According to Centeno, the decision was reached based on the institutions’ positive evaluation of Greece’s agreed commitments – including the 2019 State Budget and the completion of “important structural reforms” that included the legislation on primary residence protection and household insolvency.
“This law will be temporary and be applied until the end of 2019,” Centeno said, referring to Greek Finance Minister Euclid Tsakalotos commitments on this score, adding that the European Commission will monitor the fiscal and financial impact of the measure.
Centeno said that the approval of the disbursement is another “positive sign” for investors, especially as regards the “ownership” of the reforms, something that has already been reflected in the markets’ reaction.
#Eurogroup agreement on disbursement of almost €1bn to #Greece following positive report by @EU_Commission sends a strong signal that the country is respecting its reform commitments.

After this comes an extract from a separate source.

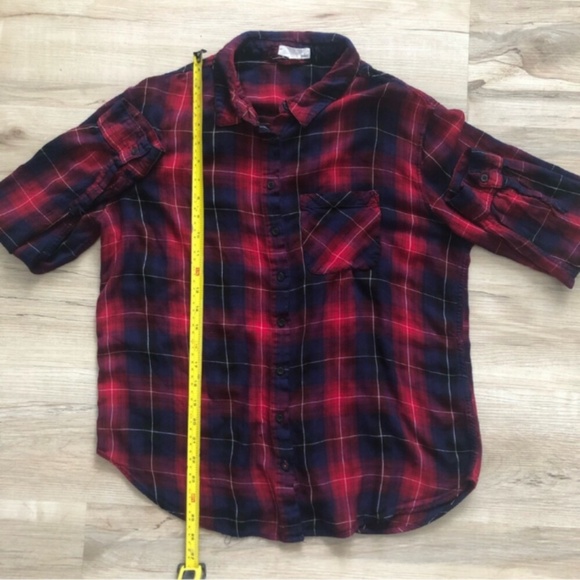 Red & Navy Blue Garage Flannel Button Up Top - Picture 4 of 7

Its European partners continue to support and stand by #Greece. pic.twitter.com/h7UVV4mPgD
— Pierre Moscovici (@pierremoscovici) April 5, 2019
European Stability Mechanism chief Klaus Regling said stressed that the 973 million euros is not a new loan but a “transfer” of capital, without any conditions linked only to Greece’s commitment to continue its reform efforts and to help it repay its loans.
Regling said disbursement would be made once national approval procedures were completed and “no later than early May”.
Asked about Greece’s willingness to repay an early part of its loans from the IMF, he said that ESM would “support it”, while stressing that it should first be debated with creditors to ensure that all conditions are met.
He also noted that this would contribute to the sustainability of the Greek debt as for one third of the IMF loans (3.5 billion) Greece pays a “very expensive” 5%, “much higher” rate than its borrowing costs markets.